Brooks, who was executed in Huntsville, Texas, in 1982, had been led to believe that lethal injection would produce a calm, painless, almost soothing death. But this first lethal injection was none of those things.
In a scene foreshadowing what Smith would experience four decades later when Alabama first tried to execute him, three technicians repeatedly failed in their efforts to insert an IV into a vein in Brooks' arm — splattering blood onto the sheet covering his body. During the several minutes it took for the drugs to take effect, Brooks reportedly looked forward in terror and let out a harsh rasp.
Unlike Kemmler, Gee and Brooks, Kenneth Smith was offered a choice of the execution method used to kill him. Smith said he would prefer to take his chances with nitrogen hypoxia. Given the horrors that inmates in Alabama and other death penalty states have experienced during recent lethal-injection executions, it is understandable that he would want to avoid dying by that method.
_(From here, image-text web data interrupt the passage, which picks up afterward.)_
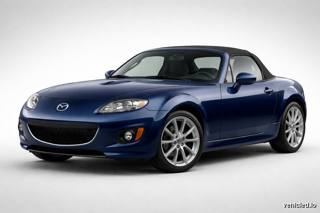 Mazda MX-5 Miata in Deep Crystal Blue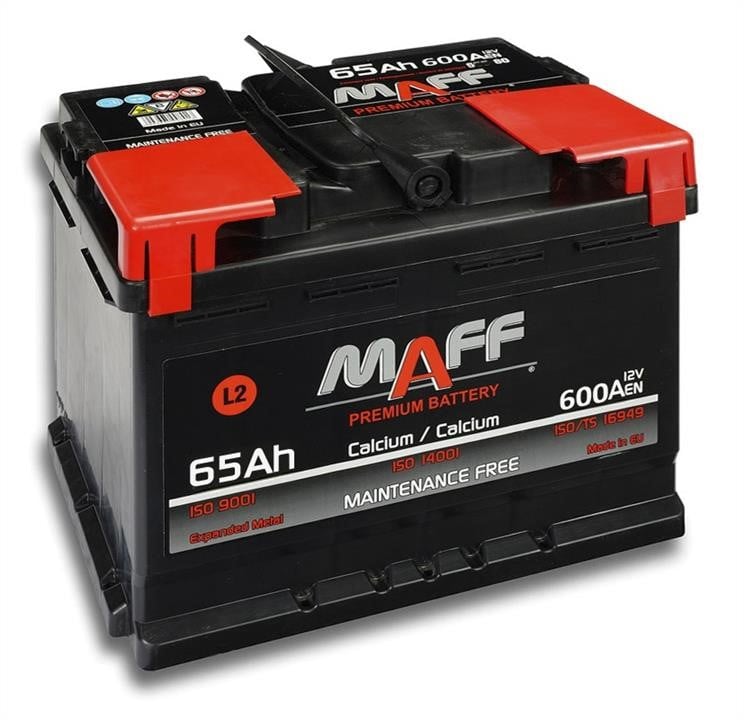 Maff 565 E1 Батарея акумуляторная MAFF 6СТ-65 12В 65Ач 600A(EN) L+ 565E1: Купить в Украине - Отличная цена на EXIST.UA!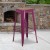 Flash Furniture ET-BT3503-30-PUR-WD-GG 30" Backless Purple Barstool with Square Wood Seat addl-1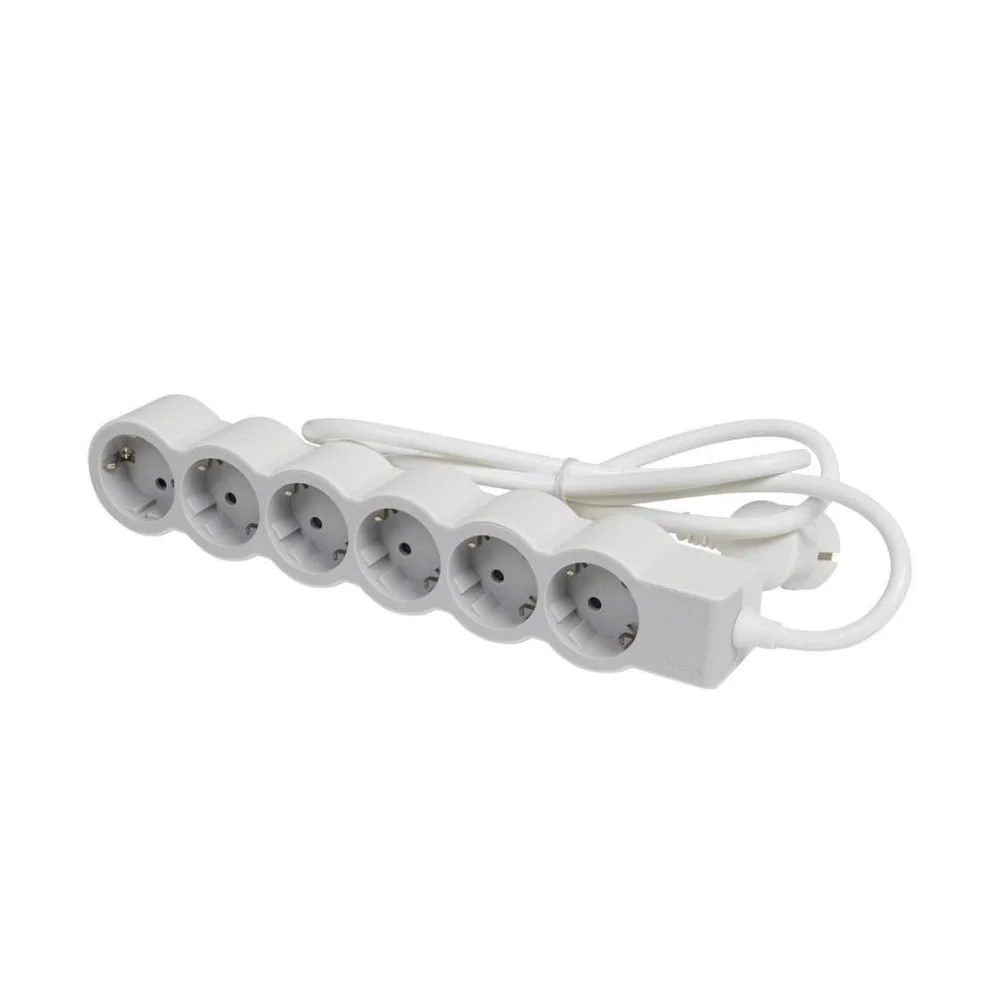 Power strip Legrand Standard, 6 sockets, 1.5 m cable, white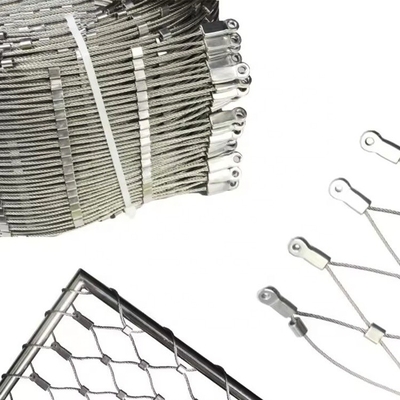 304 Edelstahldraht Seil Sicherheitsnetz Ideal für Kletterpflanzen Maschen Größe 20mm bis 200mm Langlebig Ferrule Stil Gewebe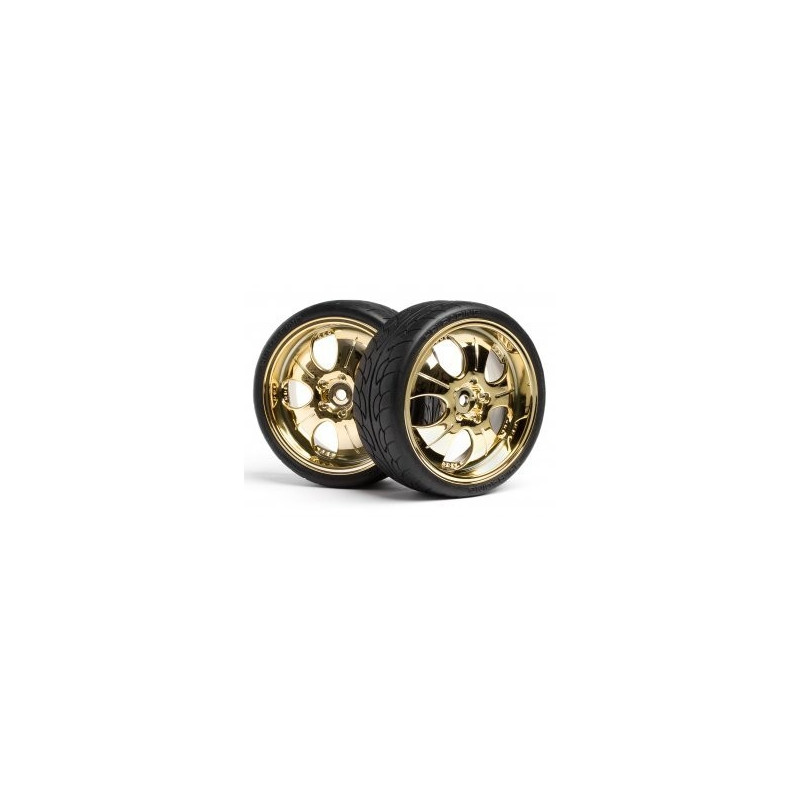 MOUNTED SUPER LOW TREAD TIRE (GOLD/4pcs)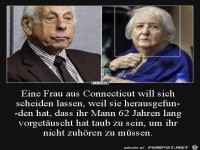 nach 62 Jahren Ehe will sie die Scheidung......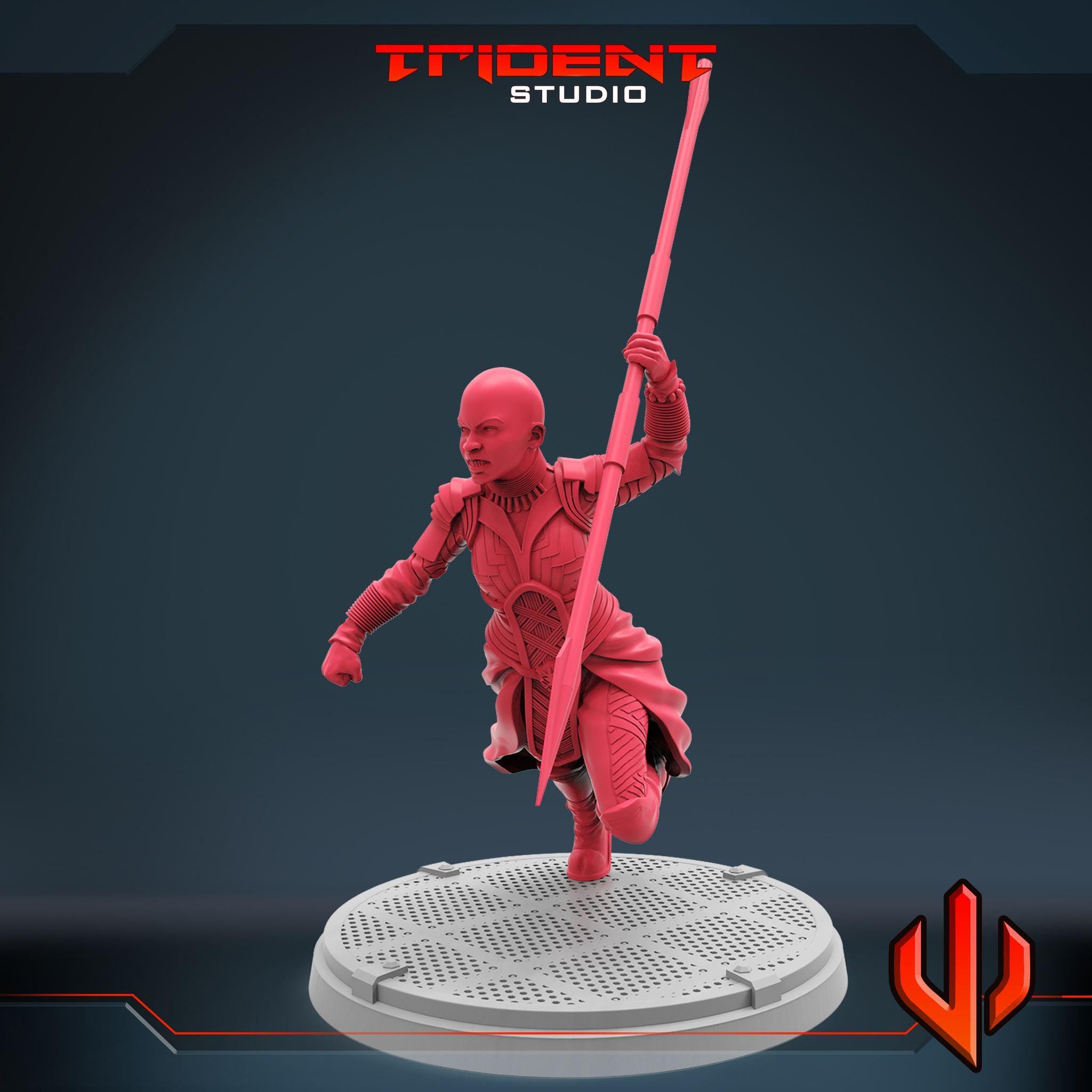 Okoye  (Fan art sculpted by Trident Studio) (Crisis Protocol Proxy/Alternative)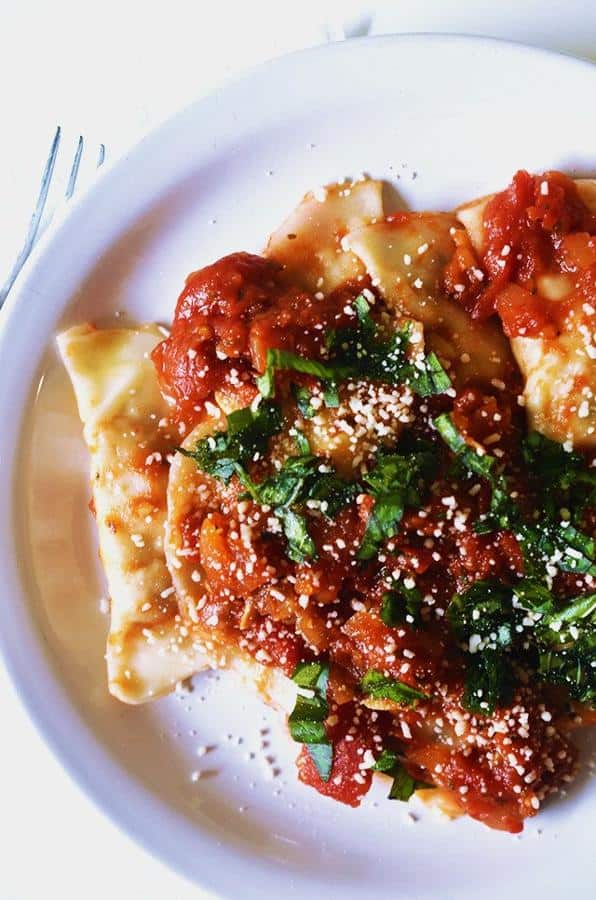 White Bean, Tempeh, and Fennel Ravioli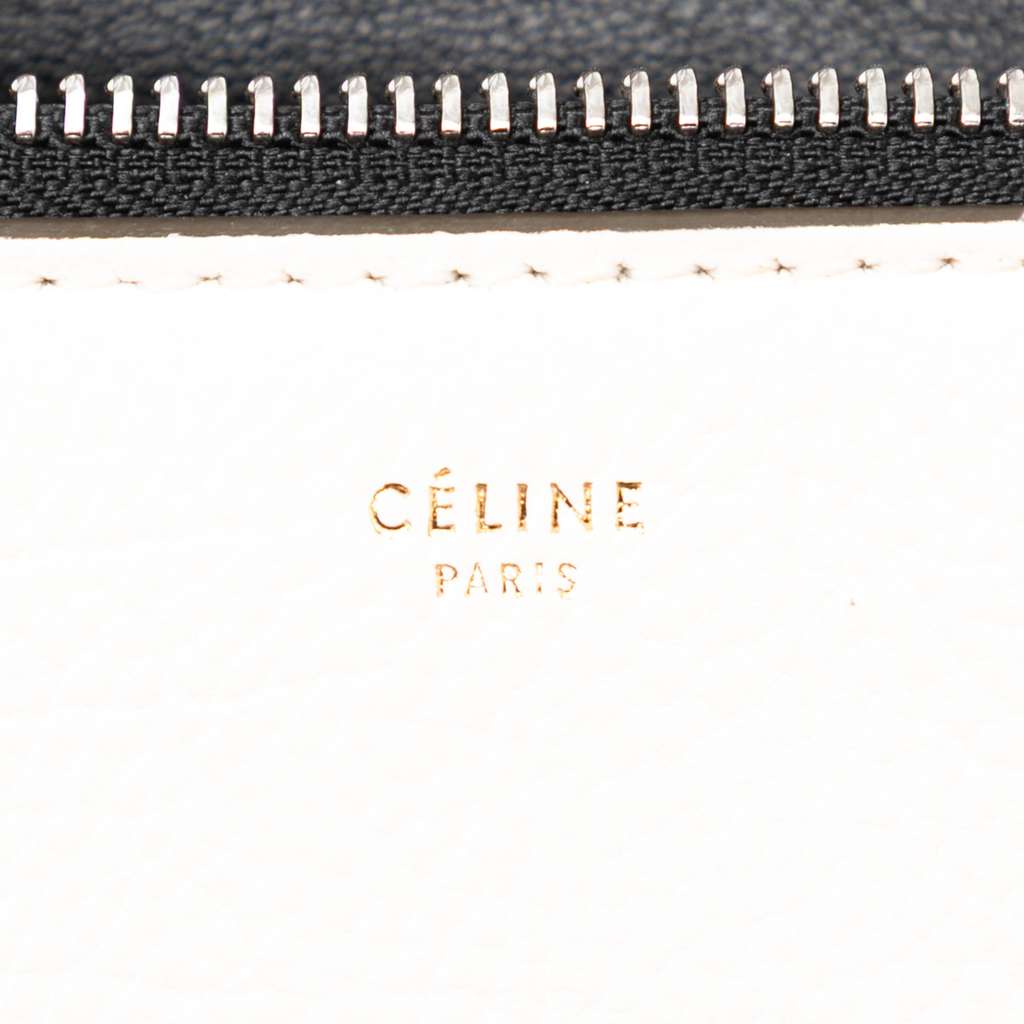 Celine Medium Bicolor Leather Edge Handbag - Side view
But nitrogen hypoxia, like electrocution, the gas chamber and lethal injection, is unlikely to deliver on its proponents' promises. As Joel Zivot, an anesthesiology and death penalty expert, puts it, "I think the nitrogen gas will not work … because even though the gas is inert, breathing it is going to be much more complicated and getting people to cooperate to breathe will be complicated."
Alabama's intended approach to killing Kenneth Smith promises to be just the latest episode in America's recurring dark dream of finding and perfecting an execution method that can deliver a dignified death. Whatever happens to Smith, it is long past time that we wake up and leave that dream behind us.